Forgotten figurehead

The team are working on it, then, and they’ve put down some good foundations to build upon for the rest of the year. They haven’t been as visible as I expected, but the potential is there for the explosion of speed and spectacle to appear as the season progresses. They may not be making headlines each and every race, but they are plodding on and working as hard as ever.

The only truly invisible force this season has been team principal Vijay Mallya

In fact, the only truly invisible force this season has been team principal Vijay Mallya. Conspicuous only by his disappearance from the paddock in 2012, the larger than life boss has been replaced as figurehead for Force India by new spokesperson Bob Fernley. He was part of the restructure which saw Mike Gascoyne and Colin Kolles booted out of the team, and now that Mallya is taking a back seat, he’s made another step up.

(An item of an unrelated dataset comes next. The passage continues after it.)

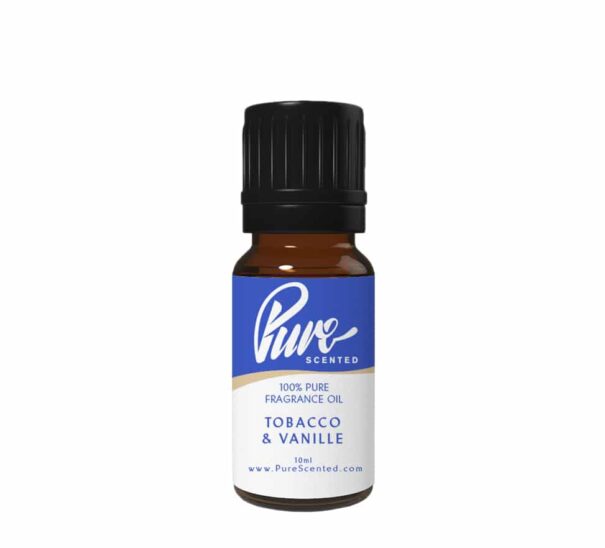 Tobacco & Vanille Fragrance Oil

Mallya hasn’t been spotted at any of the F1 races this year, and his social media presence has been lacking any references to motorsport of late. His attention has clearly turned to other pursuits, particularly now that the new investors Sahara have moved in to show him how to run a team. Fernley provides the press conference quotes and any post-race analysis required by the media, and so it seems Mallya’s absence is not affecting the team so far. There’s certainly a sense that more management shuffling could be on the cards very soon, but for now the race team have to concentrate on the job in hand.

I want to see the battle between Paul di Resta and Nico Hülkenberg take centre stage, as the pair take on not just each other but the best of the midfield around them.